A government-backed programme that will record students’ character profiles could block them from employment opportunities years after graduating.
BULLYcheck, an intitiative launched by ClubNSW and supported by the state government, began its trial
period two weeks ago in Murray River and gives employers the right to obtain a character reference for potential employees from their high school principals.
Jeremy Bath from ClubNSW helped develop the programme.
He likened BULLYcheck to preexisiting reference checks used by employers.
“People aged 17 to 22 – we have picked that age group because that is when most people leave school,” he said.
Students who give consent for a club to make contact with their high school principal will allow prospective employers to have a confidential conversation with principals about any bullying behaviour.
“It’s similar to when you have to give details of referees when applying for any job, but with an emphasis on bullying to stop that occurring in the work place.”
CEO of Murray Downs Golf and Country Club, Greg Roberts, is one of 12 employers trialing the programme.
He responded to critics who said people mature and naturally grow out of such behaviour.
“BULLYcheck is not about punishing children; it is about prevention,” he said.
“We, as an employer, want to ensure we have a safe workplace.
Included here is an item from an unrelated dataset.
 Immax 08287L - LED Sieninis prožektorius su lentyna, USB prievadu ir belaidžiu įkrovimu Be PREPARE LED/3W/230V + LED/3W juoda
This programme can assist schools in getting children to modify their behaviour.”
ClubNSW is planning to run anti-bullying workshops in late August.
“We simply want to stop the kind of bullying that graduates from school and into the workplace,” Mr Bath said.
“People will have the opportunity to identify themselves as a former bully and show remorse during these checks.”
But, how do you know if you are a bully?
“It becomes bullying when the verbal or physical assault is systematic, deliberate and repeated,” Mr Bath said.
Although ultimately in favour of the programme, William D’anthes, a member of Parents and Citizens Association at Pyrmont Public School, can see issues arising from this.
“People can bully without realising that they are actually doing it,” he said.
“People can also react in different ways. Scraps in the playground might be fine for some, but be hurtful to another. It’s hard to know where the line is.”
One way to eliminate subjectivity from reference checks could be to speak to more than just the high school principal.
“Any reference can have a damaging effect on your future,”
Mr D’anthes said. “That’s why we tend to have more than one referee to balance it out. [Speaking to more than one teacher] is a possibility, but that could get quite complicated.”
If BULLYcheck proves to decrease reports of bullying at the test schools over the next 12 months, ClubNSW will look to expand the initiative across the state.